I will admit that I like to be right; I like the superior feeling I get from knowing I'm better than you. The trouble comes when I meet someone more right than me or someone who is right in a way I used to be. And the older I get, the more people I meet who indeed seem at least as "right" as I am and often, even more right.

Confronted repeatedly with this evidence, I spend many hours, like as I am trying to go to sleep or when I am driving alone in the car, puzzling out how I can be right and someone else can be right and we are not doing things at all the same. How can I be right to use a homeschool curriculum and my unschooling friends be right in their fluid days?
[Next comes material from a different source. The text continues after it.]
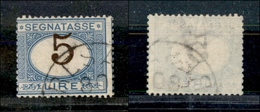 1636 REGNO - 1870/1874 - 5 Lire Segnatasse (13) Con Cifra Spostata - Usato (40) - Other & Unclassified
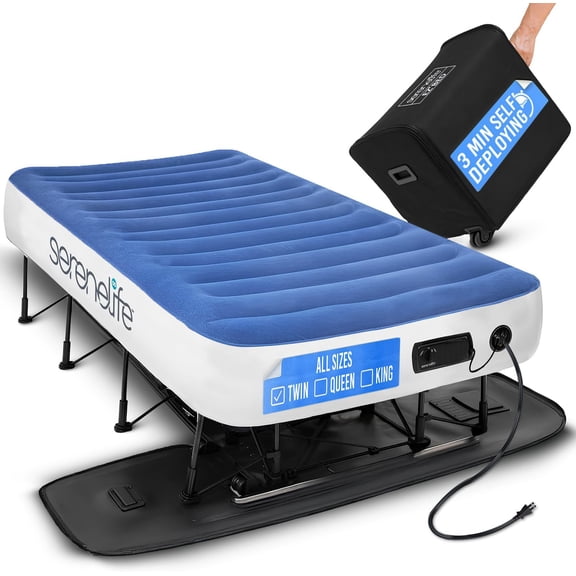 EZ Bed Air Mattress with Frame and Rolling Case, Self-Inflating Airbed with Built in Pump for Travel and Hosting, Twin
How can I reasonably argue that I'm right to feed my pets a raw diet when the pets of my childhood ate really cheap kibble and lived to their dotage? How can I be as uptight as I am about food and not strive to be as uptight as my even more uptight friends? If they are more right, why am I not trying to do the same thing they're doing? How can my very amorphous beliefs regarding god and the universe seem so very right when so many people I love might fret over my salvation? How can I commit myself so entirely to homeschooling in the face of my quite strong belief that it almost doesn't matter how school happens? How can I claim any superiority?

The Truth, as I see it, is I cannot.

I can only live in my skin and make decisions from behind my own eyes. And while I love to hear how other people do things and how they got to that point, it does not mean it will change my mind. I also love to talk about how I got to where I am in my thinking and doing, but I've given up on claiming I know what I'm doing. I try to serve my opinions with a heavy dose of my own doubt. I love the saying, "Your mileage may vary," because it's so complete. It helps me remember how much nicer life is when I am not superior, when I am just open to what comes my way.